THE RECORDS —
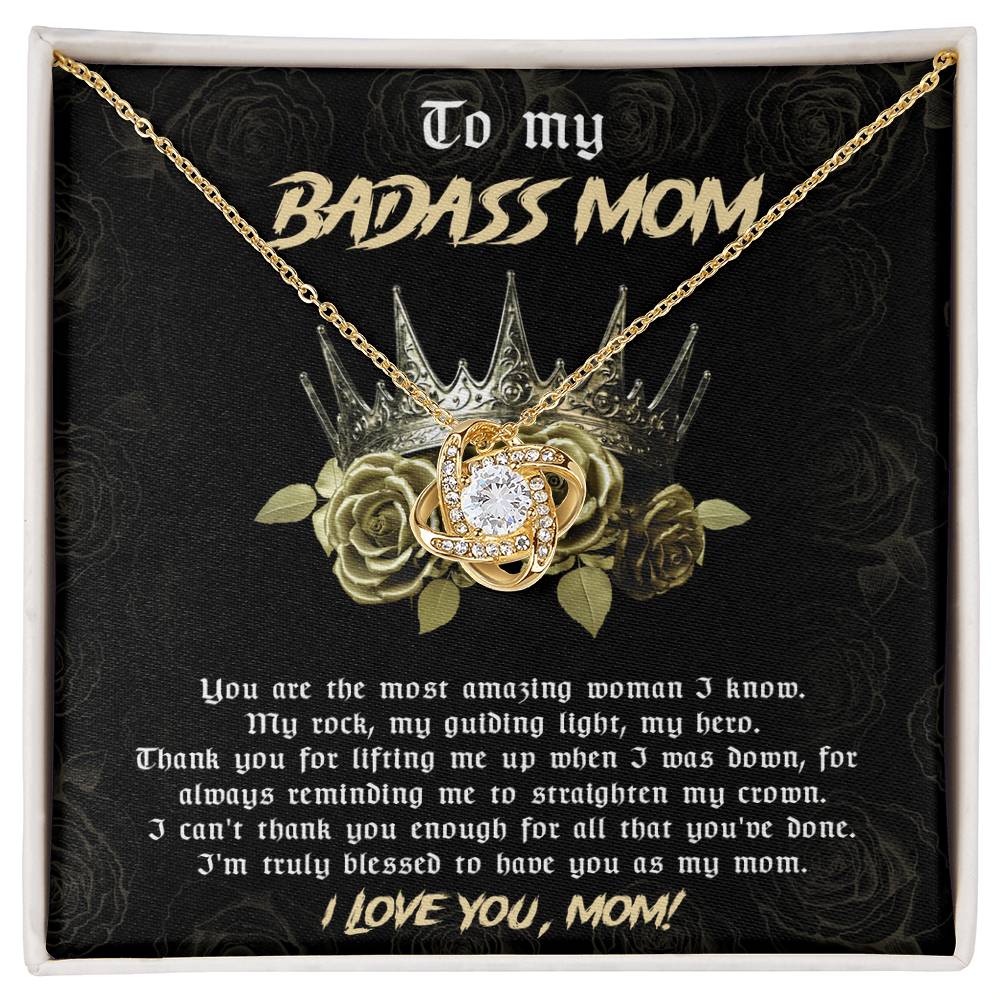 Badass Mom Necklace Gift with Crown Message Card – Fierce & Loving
--
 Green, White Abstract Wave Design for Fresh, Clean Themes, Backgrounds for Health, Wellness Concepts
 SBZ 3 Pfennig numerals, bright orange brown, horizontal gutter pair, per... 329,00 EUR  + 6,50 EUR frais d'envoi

WHAT THE EXERCISE ASKS — Copy verbatim, from the listing above, each line from the one containing "Green, White Abstract" down to the one containing "SBZ 3 Pfennig", inclusive.

TASK ANSWER —
 Green, White Abstract Wave Design for Fresh, Clean Themes, Backgrounds for Health, Wellness Concepts
 SBZ 3 Pfennig numerals, bright orange brown, horizontal gutter pair, per... 329,00 EUR  + 6,50 EUR frais d'envoi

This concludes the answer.